Laura Berger is a visual artist living and working in Chicago. She has exhibited her paintings around the US and abroad, and also does editorial illustration work, murals, ceramic sculpture, and animation. Her current work is centered around the ideas of inclusion and interconnectedness, featuring figurative imagery and dreamlike, minimalistic environments.
Tell us a little bit about yourself and what you do. I’m an artist based in Chicago. I’m mostly focused on painting, but I also make small sculptures and short animations, and do some mural work.
What are some recent, upcoming or current projects you are working on? I just completed a series of work for a two-person exhibition, which opened March 11 at Athen B Gallery in Oakland. It will be up at the gallery until April 7, and also available for viewing online.
What is one of the bigger challenges you and/or other designers are struggling with these days and how do you see it developing? I think the internet and social media have been amazing tools — artists can connect with people all over the world and be exposed to infinite opportunities. The downside is the oversaturation that the digital platforms have produced — there’s this sense of needing to constantly be putting out new work to keep up, and the images themselves can lose something as they are shared widely and without any control on the part of the artist. Right now I see that as something that we have to learn to work with, and that the good outweighs the bad, generally. But I do hope that people will become more informed about how to share things (with credit, without modification, etc) and that we will eventually collectively have a desire to pull back from so much input — to slow things back down again. I think you see that starting to happen a little bit, but it would be cool if it became a more normal thing. I think we’d all be healthier and happier!

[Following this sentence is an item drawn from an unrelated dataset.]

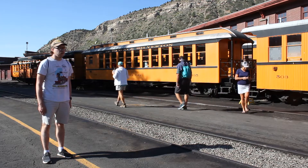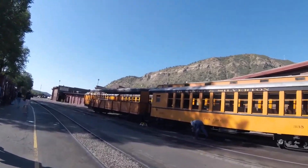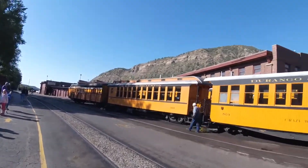What you see right behind me is Denver and Rio Grande 335. Denver and Rio Grande 335 was built by the Denver and Rio Grande Railroad Shops in Denver, Colorado, 1964, and is a passenger coach. Also, the car is named Elk Park.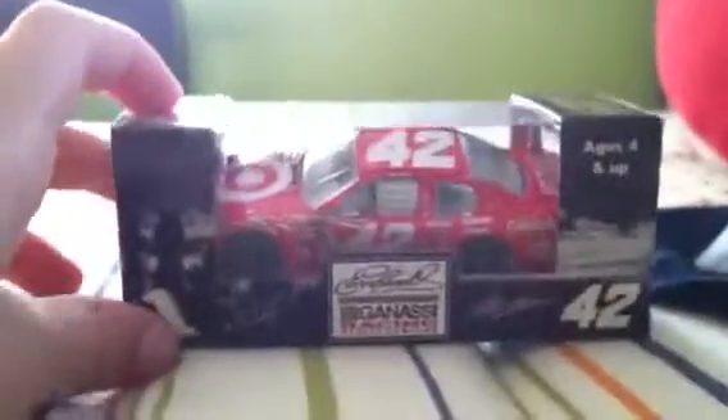Hey YouTube, this is going to be my next diecast review. It's been a month since the last one, and this one will be on Juan Pablo Montoya's 2012 Target Chevy for Earnhardt Ganassi Racing. This is a very awesome car that I got from RPM.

How did your interest in art or design begin? I’ve always been interested in art — drawing and painting were hobbies of mine from a very young age. I’m not really sure how that started, but my parents encouraged us to be active in the arts and I’ve always been involved with a lot of different creative things. Mostly singing and performing when I was younger, but I started focusing on visual art when I was in my 20s after my father passed away. Painting became something positive I could focus on for hours on end when I was grieving.
Favorite artists? I love Hilma af Klimt, Carmen Herrera, Antonio Frasconi, Moholy Nagy, Yayoi Kusama, Sol LeWitt… it’s really too hard to name favorites, there are so many artists I love. I’m also inspired by old Nayarit sculpture and art from Mexico, Native American ledger art, and Japanese prints.
How has living in Chicago affected your practice? The winters are very good for staying disciplined and working a lot. The diversity of the city is something that really inspires me.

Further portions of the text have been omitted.